More immediately, Family Dollar has cut prices on about 1,000 basic items and will close approximately 370 underperforming stores. “Our mission is to deliver compelling, everyday values for our customers, and executing on this promise requires an unwavering commitment to being a low-cost operator," Levine said. "We are taking a number of important steps through our immediate strategic actions to improve our operational efficiency and deliver better financial returns.”
"Lastly, we intend to slow new store growth beginning in fiscal 2015 to improve our return on investment. We are confident that these steps will position Family Dollar to deliver stronger returns for our shareholders,” Levine said. Family Dollar now plans to open 350 to 400 new stores in fiscal 2015, down from approximately 525 new stores in fiscal 2014.

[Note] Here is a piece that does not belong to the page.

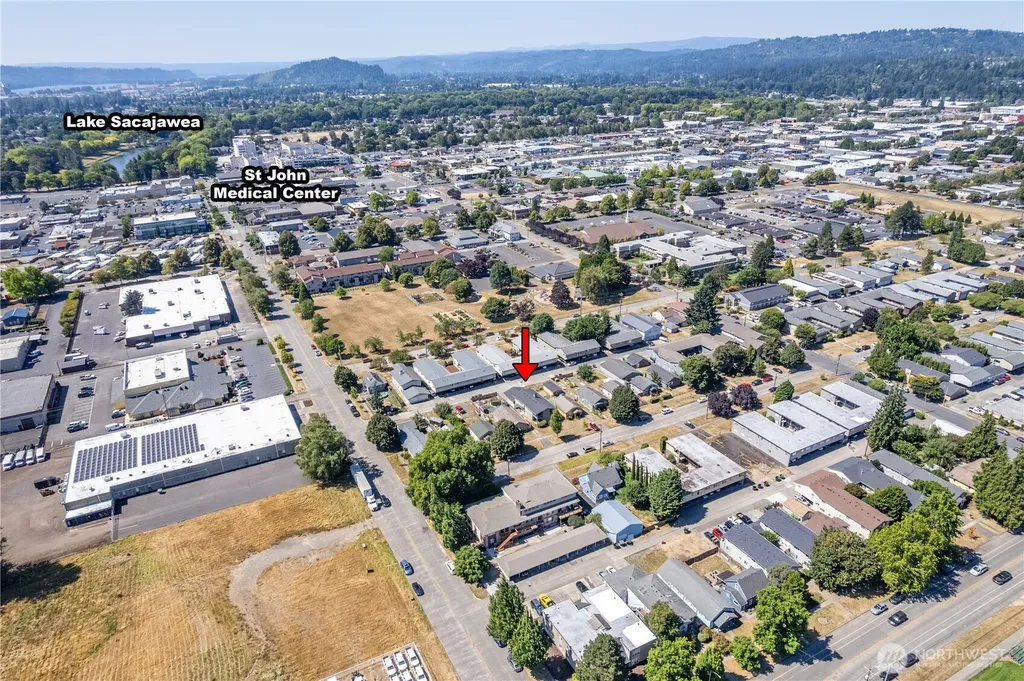 823 8th Avenue Longview WA 98632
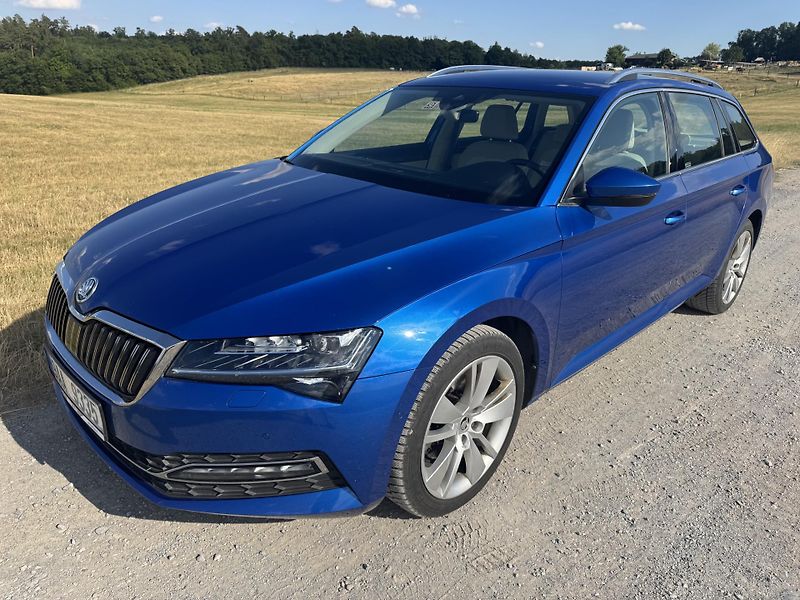 Škoda Superb (2022) 2.0TDI DSG STYLE EXTRA ČR - fotka 1 z 28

Gross profit for the second quarter of fiscal 2014 decreased 6.7% to $902.3 million, or 33.2% of net sales, compared to $967.1 million, or 33.4% of net sales, in the second quarter of fiscal 2013. As a percentage of sales, the impact of stronger sales of lower-margin consumables and higher markdowns was partially offset by higher markups, lower freight expense and lower inventory shrinkage.
In the first half of fiscal 2014, capital expenditures were $219.7 million compared with $409.7 million in the first half of fiscal 2013. In the first half of fiscal 2014, the company spent $76.4 million related to new stores; $54.4 million on its store renovation program; $38.4 million on existing stores; $38.1 million related to corporate and technology investments; and $12.4 million on supply chain investments.
During the first half of fiscal 2014, Family Dollar opened 244 new stores, closed 22 stores and renovated, relocated or expanded 319 stores.
For the third quarter of fiscal 2014, the company expects that comparable store sales will decline in the low-single-digit range and that earnings per diluted share will be between $0.85 and $0.95 per share, excluding approximately $0.13 per share related to restructuring charges. Including the restructuring charges, the company expects earnings per diluted share will be between $0.72 and $0.82.
For the fourth quarter of fiscal 2014, the company expects that comparable store sales will be flat to up slightly and that earnings per diluted share will be between $0.75 and $0.85, excluding approximately $0.37 related to restructuring charges. Including the restructuring charges, the company expects earnings per diluted share will be between $0.38 and $0.48.
For the 52-week year ending August 30, 2014, the company expects that earnings per diluted share will be between $3.05 and $3.25, excluding approximately $0.50 per share related to restructuring charges. Including the restructuring charges, the company expects earnings per diluted share will be between $2.55 and $2.75.